INFORMATION GIVEN:
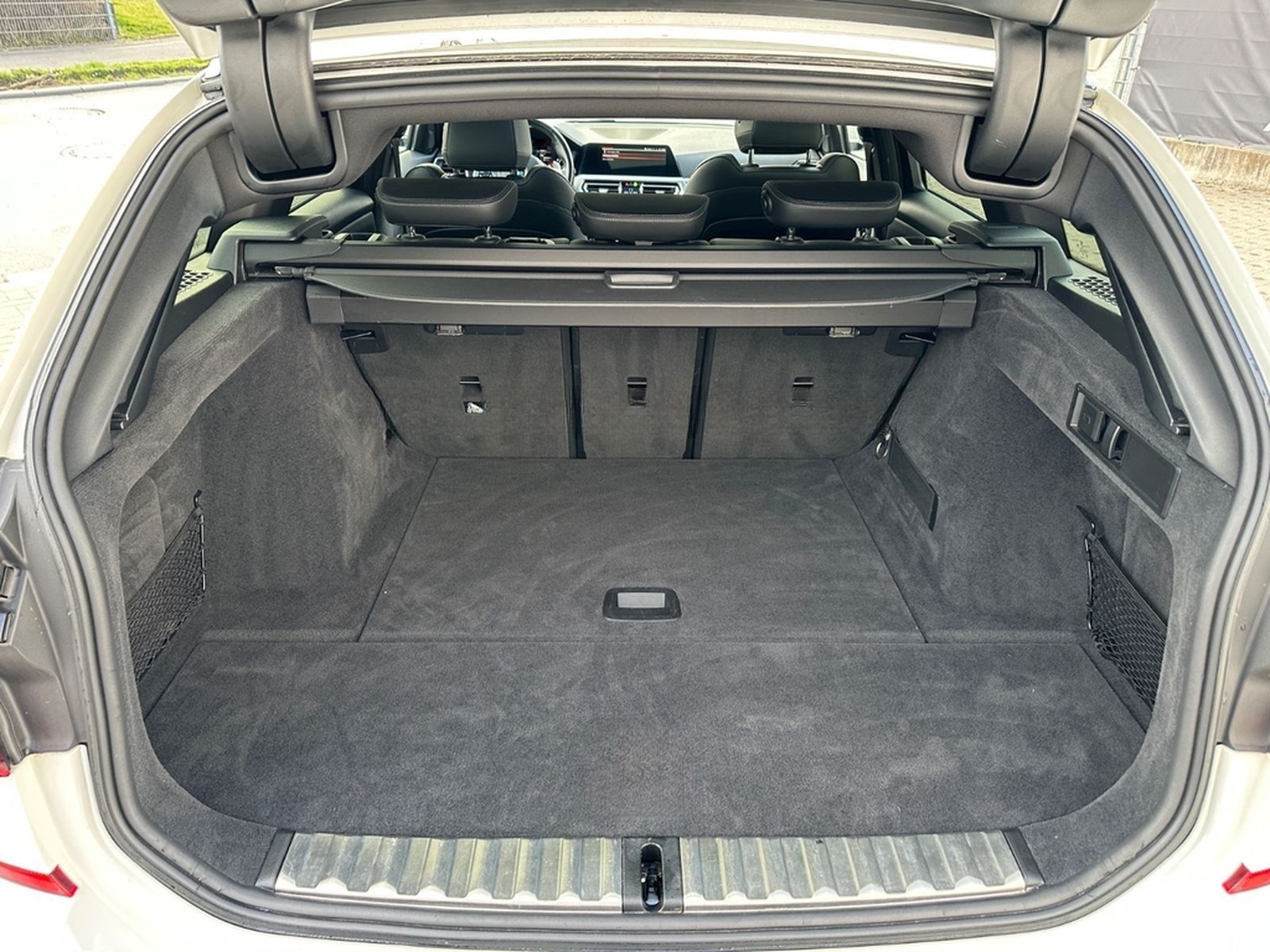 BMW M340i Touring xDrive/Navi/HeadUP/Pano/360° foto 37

* * *

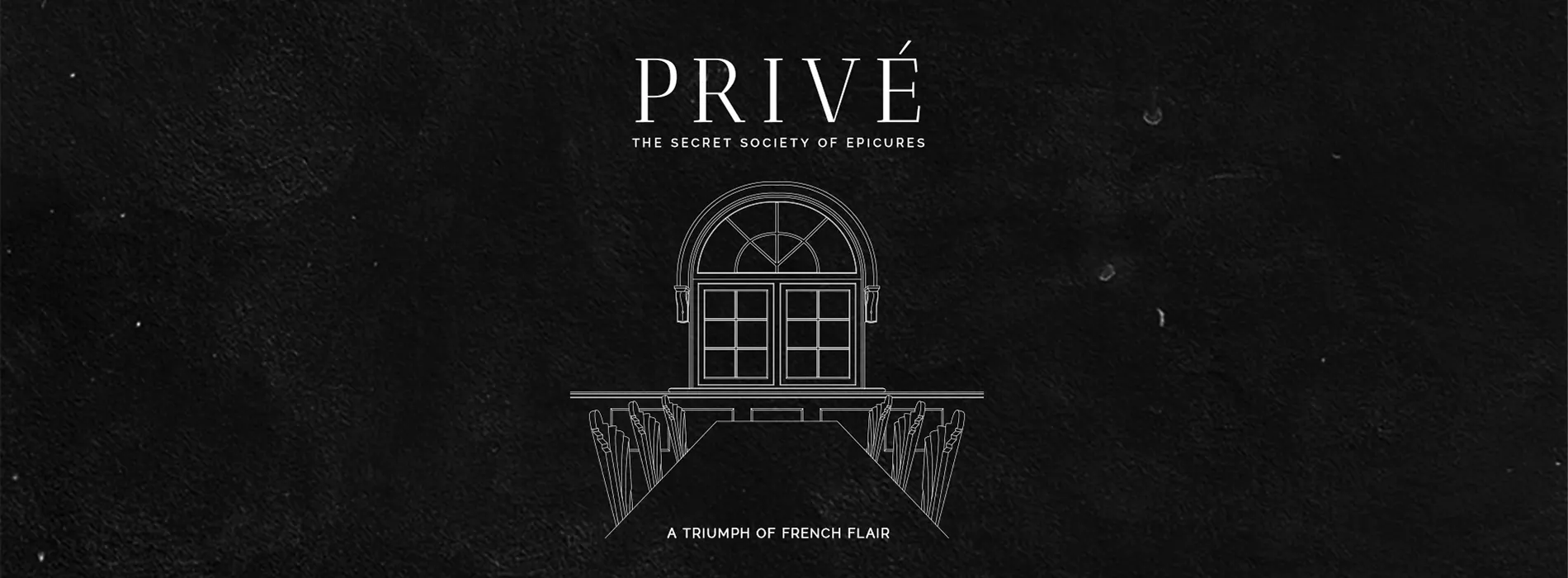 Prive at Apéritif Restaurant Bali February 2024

* * *

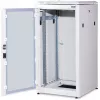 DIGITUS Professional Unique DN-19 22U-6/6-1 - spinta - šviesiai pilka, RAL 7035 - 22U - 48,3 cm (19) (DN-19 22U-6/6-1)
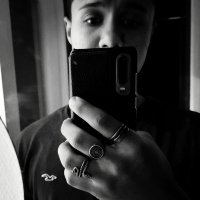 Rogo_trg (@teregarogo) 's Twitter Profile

EXERCISE DESCRIPTION: Only one stretch of the entries above is needed: the lines from the one containing "DIGITUS Professional Unique" through the one containing "Rogo_trg (@teregarogo) 's Twitter Profile". Copy it exactly, without the pictures.

RESULT OF THE TASK:
 DIGITUS Professional Unique DN-19 22U-6/6-1 - spinta - šviesiai pilka, RAL 7035 - 22U - 48,3 cm (19) (DN-19 22U-6/6-1)
 Rogo_trg (@teregarogo) 's Twitter Profile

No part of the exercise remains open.